## TASK STATEMENT
Transcribe each record word for word. Skip the images.

## Saved data entries
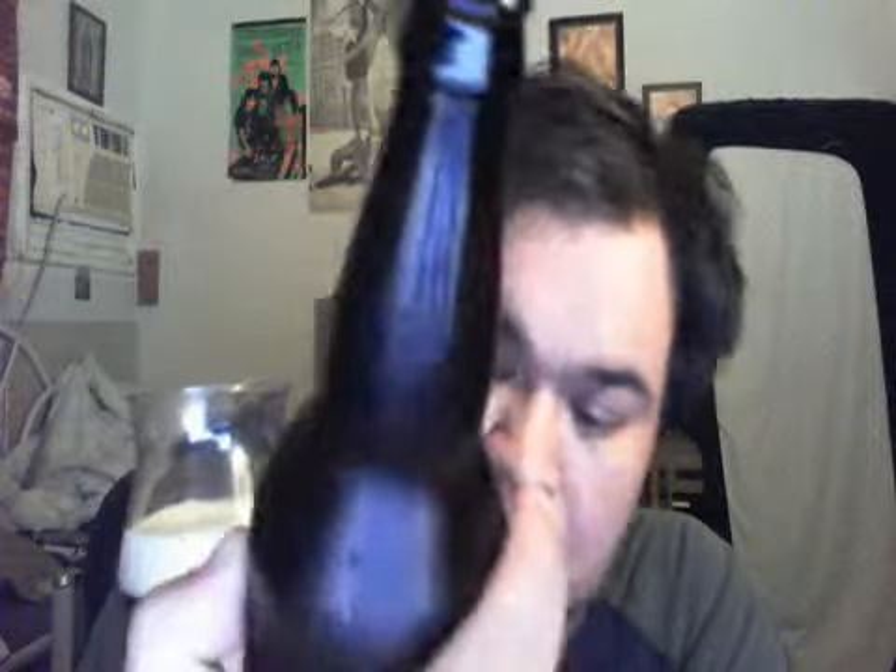Let's go for a pour. This one is 7.5% alcohol, it was a bomber, it cost me like $4.50 I believe. It's New Belgium from Fort Collins, Colorado, and I believe this was actually brewed in their new brewery, which is in North Carolina, I believe.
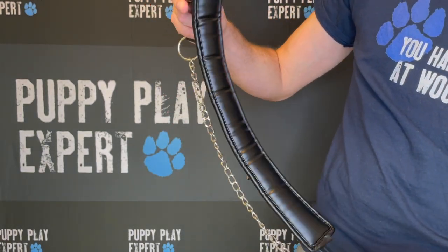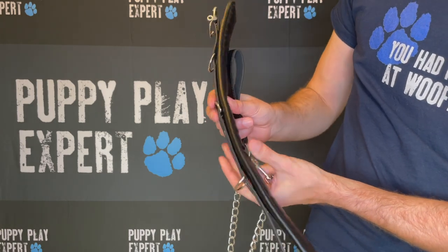So what does 53 centimeters of freedom look like? Get our Mad Pup Collar today and find out!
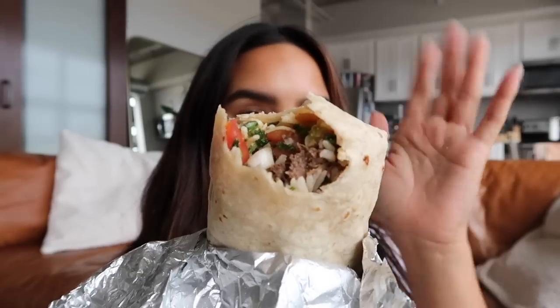I ended up going to Chipotle — I got a rice, barbacoa, cheese, corn, pico, sour cream burrito. This is my favorite hot sauce ever. I like this version and the black label, which is just the regular hot sauce. This one is the hotter truffle-flavored sauce — it's literally amazing. I know it's kind of blasphemous because I should be using Cholula or Valentina, but I like putting truffle on everything. I'm not vibing with it on the barbacoa though — they're competing and it's not great.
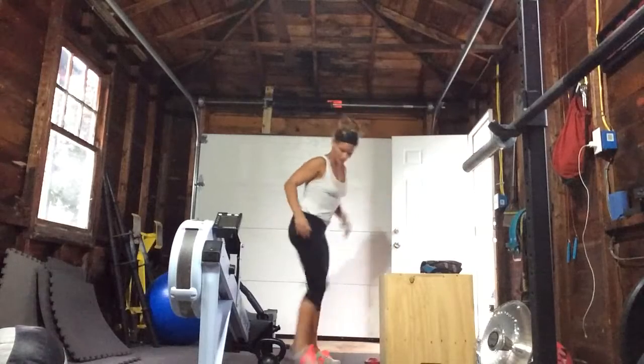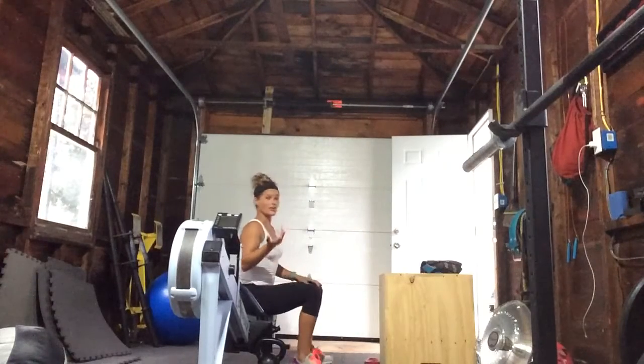Stand up. Step down. Now I want to try to be quieter than what I just was.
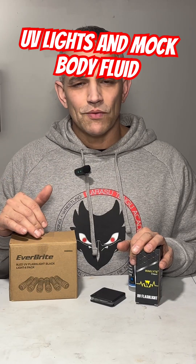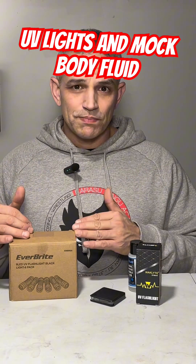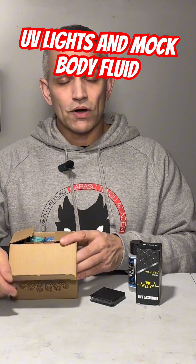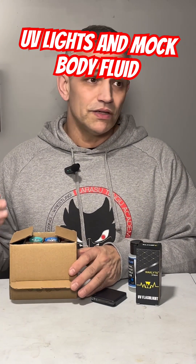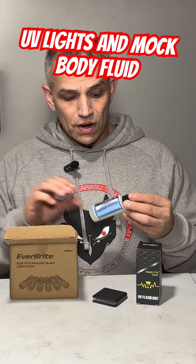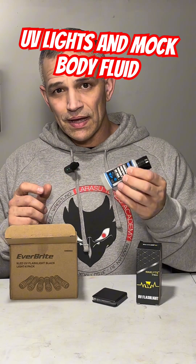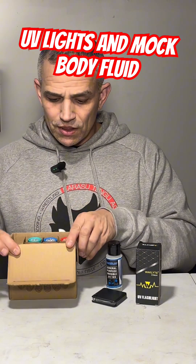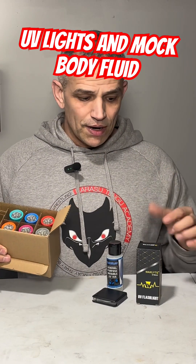Hey everyone, I got a couple things I want to show you. These are inexpensive ultraviolet lights that I got off of Amazon. They work really good for mock crime scenes, for students looking at fluorescent powders, or what I use is a UV ink to simulate bodily fluids. Let me show you in the box first and then I'll show you how bright they are.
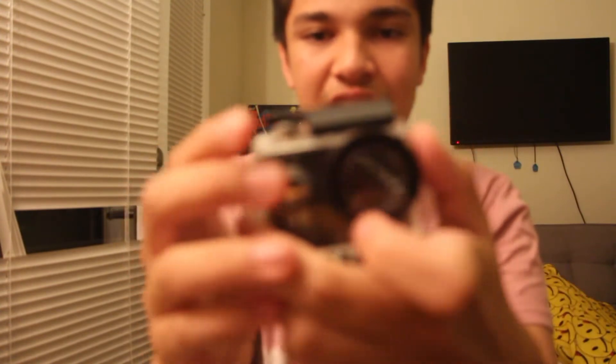First thing, you put it like this. And then you close it like this.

## FINISHED EXERCISE
Let's go for a pour. This one is 7.5% alcohol, it was a bomber, it cost me like $4.50 I believe. It's New Belgium from Fort Collins, Colorado, and I believe this was actually brewed in their new brewery, which is in North Carolina, I believe.
So what does 53 centimeters of freedom look like? Get our Mad Pup Collar today and find out!
I ended up going to Chipotle — I got a rice, barbacoa, cheese, corn, pico, sour cream burrito. This is my favorite hot sauce ever. I like this version and the black label, which is just the regular hot sauce. This one is the hotter truffle-flavored sauce — it's literally amazing. I know it's kind of blasphemous because I should be using Cholula or Valentina, but I like putting truffle on everything. I'm not vibing with it on the barbacoa though — they're competing and it's not great.
Stand up. Step down. Now I want to try to be quieter than what I just was.
Hey everyone, I got a couple things I want to show you. These are inexpensive ultraviolet lights that I got off of Amazon. They work really good for mock crime scenes, for students looking at fluorescent powders, or what I use is a UV ink to simulate bodily fluids. Let me show you in the box first and then I'll show you how bright they are.
First thing, you put it like this. And then you close it like this.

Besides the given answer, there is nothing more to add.